> [WORK REQUIRED]
Every entry below should be reproduced exactly, with all pictures left out.

──────── INFORMATION PROVIDED ────────

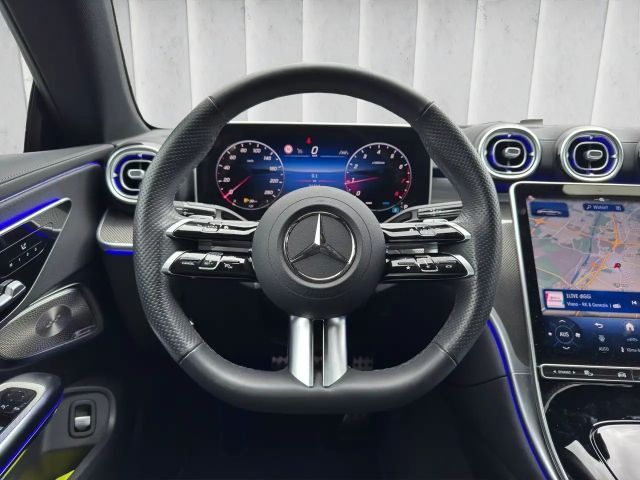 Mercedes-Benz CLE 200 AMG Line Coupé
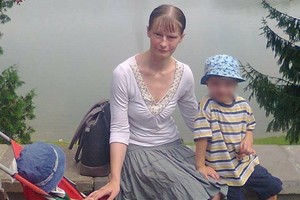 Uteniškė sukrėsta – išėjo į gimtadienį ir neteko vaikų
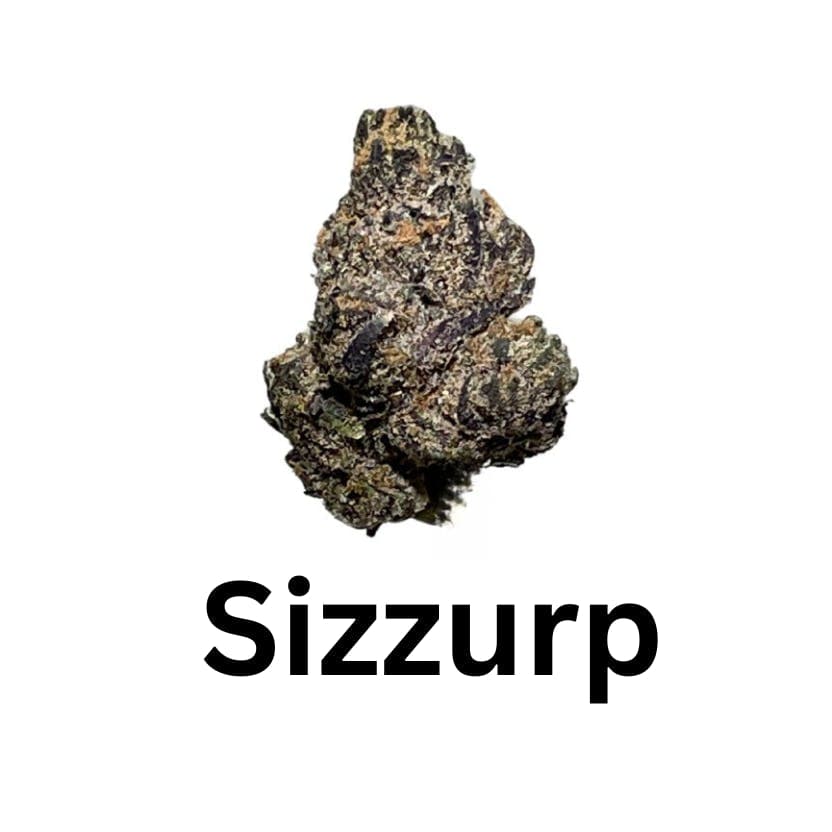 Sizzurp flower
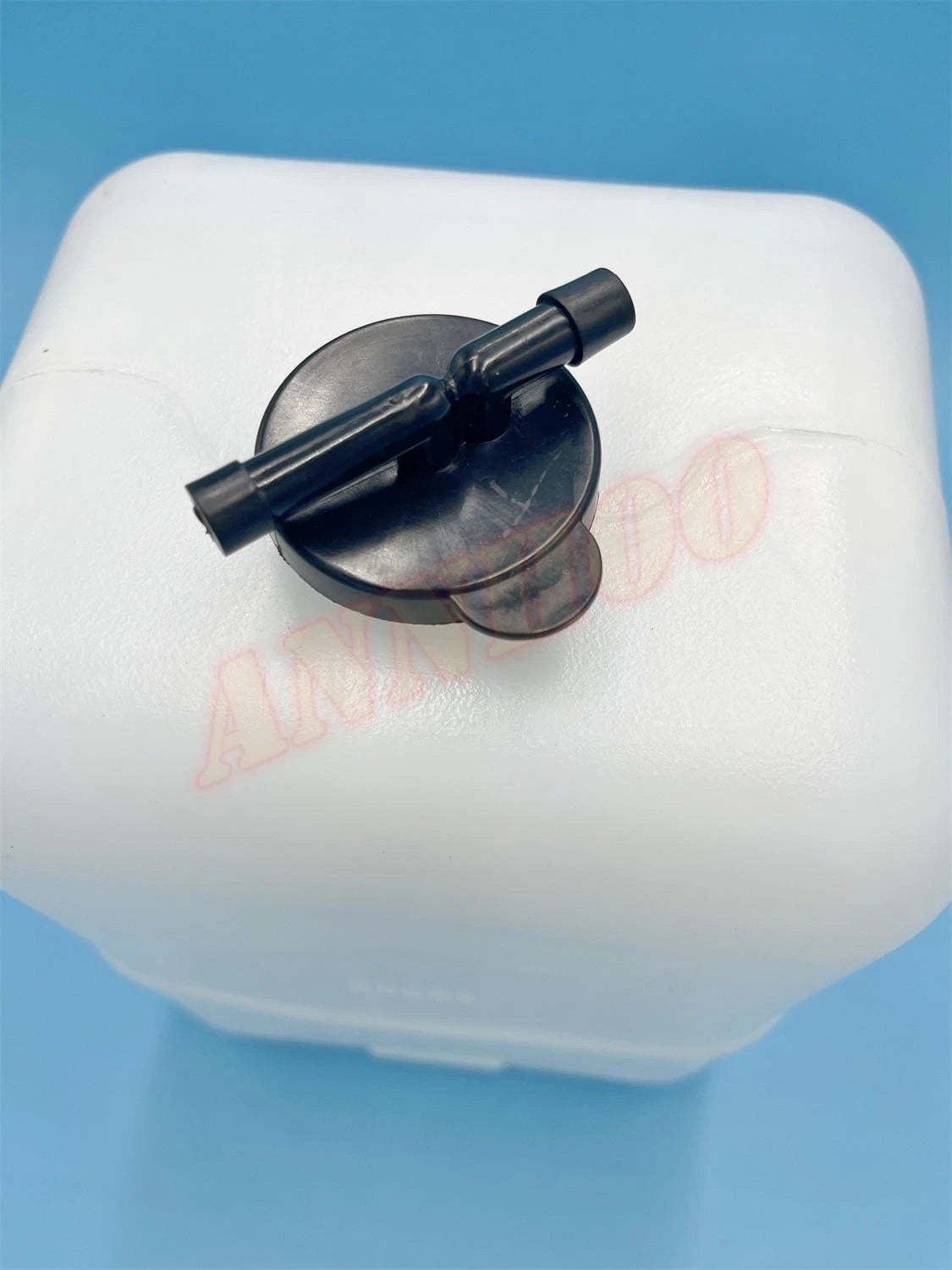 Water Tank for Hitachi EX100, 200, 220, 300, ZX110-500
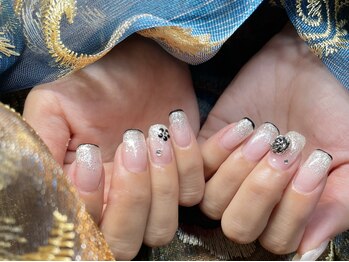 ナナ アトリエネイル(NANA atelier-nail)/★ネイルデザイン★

────────

> [RESPONSE TO THE TASK]
 Mercedes-Benz CLE 200 AMG Line Coupé
 Uteniškė sukrėsta – išėjo į gimtadienį ir neteko vaikų
 Sizzurp flower
 Water Tank for Hitachi EX100, 200, 220, 300, ZX110-500
 ナナ アトリエネイル(NANA atelier-nail)/★ネイルデザイン★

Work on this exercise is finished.